Nurses make up the largest proportion of healthcare workers in the US. Nurses are involved in almost all aspects of care, including monitoring and assessing patients, bedside and medication management, assistance with surgeries, data collection/reporting, etc. In fact, a large proportion of the recordings that medical transcription companies transcribe consist of nurse dictation.
However, recent reports indicate that the nation is projected to experience a shortage of Registered Nurses (RNs) due to factors such as the aging Baby Boomer generation and the growing need for health care services (www.aacnnursing.org).According to US Bureau of Labor Statistics (2018) projections, 1.1 million additional nurses are needed to avoid a further shortage.
The RN Work Project, a 10-year national longitudinal study of new nurses started in 2006, found that more than 18% of new nurses quit their first job within a year and more than 26% leave it within two years. Healthcare organizations need to take measures to retain their nurses. The first step in this direction is to look into the reasons why nurses decide to stay or decide to leave their job. Here are the findings of the 2018 Press Ganey Nursing Special Report on this matter:
- Nurses across all age groups and experience levels cited dissatisfaction with the work environment as the key factor driving them to quit.
- For nurses who had been practicing less than two years, praise, recognition, nurse manager support, certification, and joy in work were the key predictors of intent to stay.
- For RNs practicing for more than 20 years, intent to stay was driven by leadership, influence over their schedule, and quality of care.
- Nurses in adult step down and med/surgical units with sick patients and less staffing than a critical care unit, were more likely to say they were going to leave within one to three years.
As one expert notes, to prevent nurse attrition, organizations need to understand the varying motivators of job satisfaction across the nursing life cycle (www.healthleadersmedia.com). The following strategies can help organizations retain nurses in the workplace:
- Improve the work environment: It’s hardly surprising that organizations with a negative reputation see an outflow of nursing staff. According to the Health Leaders Media report, one hospital struggled with nurse recruitment and retention due to its punitive environment leading to a lack of respect toward nurses by physicians and administrators, and from nurse to nurse. The hospital also acquired a negative reputation because of its poor quality outcomes and a restrictive policy of recruiting only experienced nurses. The situation improved significantly when the hospital took steps to improve the work environment.
- Overhaul the recruitment process: The healthleadersmedia.com report describes how the hospital reversed its policy of hiring only experienced nurses and focused simply on recruiting graduates. The CNO met each candidate personally and spoke about the hospital’s vision for the future.
- Flexible scheduling: Flexible work options can serve as organizational recruitment/retention strategies. While needing significant work, nurses want to balance their many work-life responsibilities. With flexible work schedules for nurses, hospitals can manage their round-the-clock patient care needs. Flexible work options are a win-win situation for health care organizations and nurses.

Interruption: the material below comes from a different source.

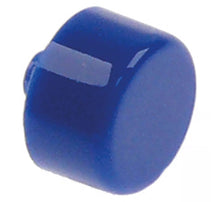 Buton albastru ø 11,9 mm - 346205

- Efficient role assignment: Hospitals will benefit if they deploy older nurses as mentors for new nurses. Experienced nurses can guide younger nurses and help them discharge their duties efficiently. The organization will benefit as the protégé’s confidence grows and the mentor contributes to the retention of a new nurse.
- Fostering career development and recognition: Implementing measures to promote both career development and recognition are important to keep both experienced and fresh RNs. Nurses need professional support to stay abreast of technological advancements and innovations and get to the top of the game. Career ladders rooted in accomplishment vs. tenure can help organizations retain RNs.
- Promoting a healthy work environment: Creating a healthy work environment allows nurses to provide high standard, compassionate patient care while promoting professional fulfillment and self-care to prevent burnout. Measures to improve working conditions and ease workload include adding more elevators and ceiling lifts, and investing in quality medical transcription services.
Organizations should also offer compensation and benefit packages to retain seasoned nursing staff. Older nurses should be adequately compensated for their role and experience. Additional incentives for retention include rewarding high performers, offering paid training opportunities, and providing more opportunities for internal advancement.